As my friend Dennis Hitzeman pointed out in a comment yesterday, part of makes Chris Cornell and Eddie Vedder so interesting is that they performed together.
Brief history lesson: before Soundgarden and Pearl Jam became two of the most successful bands of the 1990s, various members of both bands (most notably Soundgarden vocalist Chris Cornell and Pearl Jam lead guitarist Mike McCready) formed a supergroup of sorts named Temple of the Dog. This is around 1991.
Realize that neither band was big yet. This is before “Black Hole Sun” and “Even Flow,” before “Fell on Black Days” and “Alive.” It’s also either right before or right around the release of Nirvana’s “Nevermind,” which is probably the seminal rock record of the 90s (even if I don’t necessarily love Nirvana — their impact is unquestionable).
So, one day, as Cornell was working on the vocals for a song called “Hunger Strike,” a young vocalist — Vedder — walked up to the microphone to sing the lower-register parts.
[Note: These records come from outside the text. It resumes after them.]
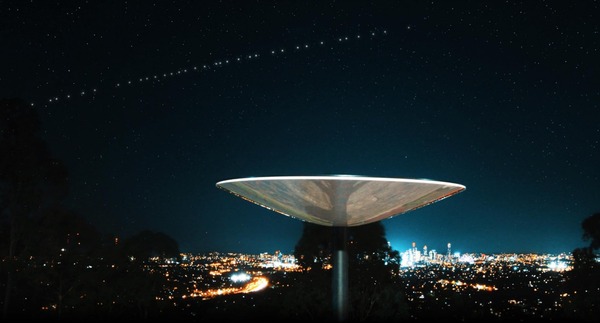 Gobierno anuncia la llegada del internet satelital a Paraguay, mediante Starlink, empresa de Elon Musk - MarketData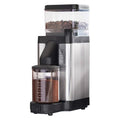 Moccamaster Koffiemolen KM5 Gepolijst Zilver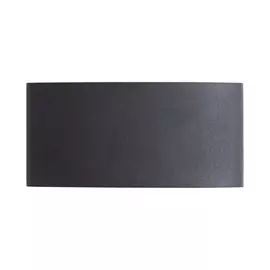 Уличный светильник Artelamp A3722AL-2BK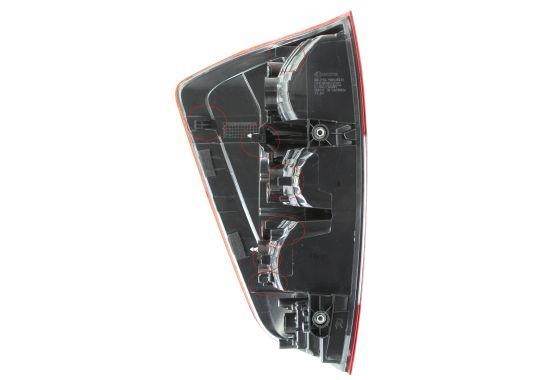 Tail lamp right Abakus 215-19ACR-LD-UE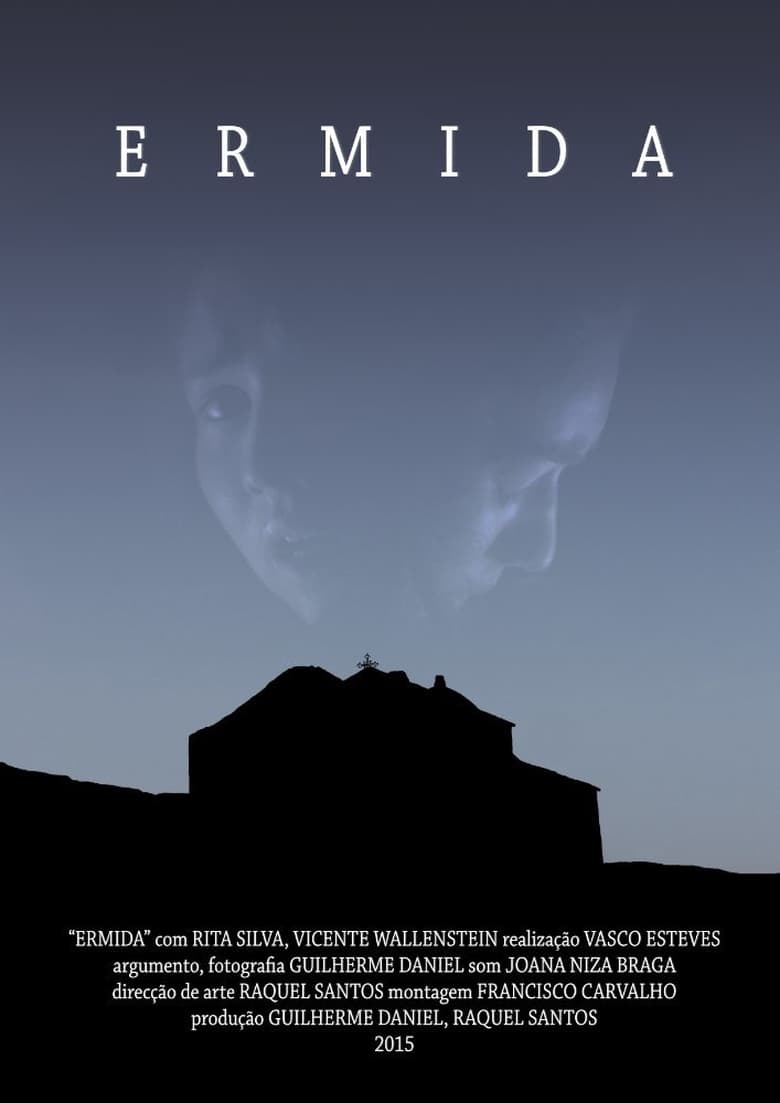 Poster of Ermida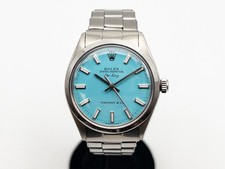 Estate 000 rolex airking - estate,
He did so without invitation, but could tell Cornell was having some issue nailing the part. (Cornell, for his part, loved Vedder’s work and quickly included him on the song.)
The result is one of the best rock and roll songs ever, an excellent mix of themes, guitar and incredible vocals — plus a great story.
Both are on the shortlist of greatest rock singers ever, and so having a track with both near their peaks is simply astounding.